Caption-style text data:

═══

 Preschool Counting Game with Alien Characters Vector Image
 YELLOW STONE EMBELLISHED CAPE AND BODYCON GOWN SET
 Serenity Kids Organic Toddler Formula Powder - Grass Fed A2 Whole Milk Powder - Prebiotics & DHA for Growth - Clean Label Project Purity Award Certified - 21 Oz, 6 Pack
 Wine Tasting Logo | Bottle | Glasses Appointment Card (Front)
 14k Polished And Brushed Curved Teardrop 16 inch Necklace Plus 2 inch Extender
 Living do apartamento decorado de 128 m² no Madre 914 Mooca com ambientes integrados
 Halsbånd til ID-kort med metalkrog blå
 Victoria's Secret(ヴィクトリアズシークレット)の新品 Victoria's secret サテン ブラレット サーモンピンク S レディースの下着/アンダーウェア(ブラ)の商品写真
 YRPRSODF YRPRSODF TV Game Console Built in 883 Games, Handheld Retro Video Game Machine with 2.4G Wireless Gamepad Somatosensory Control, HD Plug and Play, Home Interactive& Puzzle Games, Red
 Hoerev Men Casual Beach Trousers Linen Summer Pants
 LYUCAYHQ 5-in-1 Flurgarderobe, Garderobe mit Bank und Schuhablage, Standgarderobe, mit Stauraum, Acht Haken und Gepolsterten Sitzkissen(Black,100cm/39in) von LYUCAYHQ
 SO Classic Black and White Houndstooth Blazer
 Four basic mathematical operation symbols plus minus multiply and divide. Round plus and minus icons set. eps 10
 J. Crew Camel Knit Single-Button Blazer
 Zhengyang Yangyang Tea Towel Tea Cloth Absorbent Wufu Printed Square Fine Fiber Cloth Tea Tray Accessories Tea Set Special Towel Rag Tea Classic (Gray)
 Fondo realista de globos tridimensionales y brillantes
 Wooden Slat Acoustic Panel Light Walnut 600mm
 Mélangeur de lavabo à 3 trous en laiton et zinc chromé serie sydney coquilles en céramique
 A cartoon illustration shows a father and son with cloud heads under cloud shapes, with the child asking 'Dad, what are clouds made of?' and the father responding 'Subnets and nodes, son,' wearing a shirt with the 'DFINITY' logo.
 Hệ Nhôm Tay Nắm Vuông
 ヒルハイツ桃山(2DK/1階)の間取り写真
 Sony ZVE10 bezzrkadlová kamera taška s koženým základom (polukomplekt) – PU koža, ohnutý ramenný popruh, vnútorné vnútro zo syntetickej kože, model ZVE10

═══

TRY IT »
Would you print exactly, and only, the lines of the data above from the line with "Victoria's Secret(ヴィクトリアズシークレット)の新品 Victoria's" through the line with "ヒルハイツ桃山(2DK/1階)の間取り写真", inclusive?

SOLUTION FOR THIS EXERCISE »
 Victoria's Secret(ヴィクトリアズシークレット)の新品 Victoria's secret サテン ブラレット サーモンピンク S レディースの下着/アンダーウェア(ブラ)の商品写真
 YRPRSODF YRPRSODF TV Game Console Built in 883 Games, Handheld Retro Video Game Machine with 2.4G Wireless Gamepad Somatosensory Control, HD Plug and Play, Home Interactive& Puzzle Games, Red
 Hoerev Men Casual Beach Trousers Linen Summer Pants
 LYUCAYHQ 5-in-1 Flurgarderobe, Garderobe mit Bank und Schuhablage, Standgarderobe, mit Stauraum, Acht Haken und Gepolsterten Sitzkissen(Black,100cm/39in) von LYUCAYHQ
 SO Classic Black and White Houndstooth Blazer
 Four basic mathematical operation symbols plus minus multiply and divide. Round plus and minus icons set. eps 10
 J. Crew Camel Knit Single-Button Blazer
 Zhengyang Yangyang Tea Towel Tea Cloth Absorbent Wufu Printed Square Fine Fiber Cloth Tea Tray Accessories Tea Set Special Towel Rag Tea Classic (Gray)
 Fondo realista de globos tridimensionales y brillantes
 Wooden Slat Acoustic Panel Light Walnut 600mm
 Mélangeur de lavabo à 3 trous en laiton et zinc chromé serie sydney coquilles en céramique
 A cartoon illustration shows a father and son with cloud heads under cloud shapes, with the child asking 'Dad, what are clouds made of?' and the father responding 'Subnets and nodes, son,' wearing a shirt with the 'DFINITY' logo.
 Hệ Nhôm Tay Nắm Vuông
 ヒルハイツ桃山(2DK/1階)の間取り写真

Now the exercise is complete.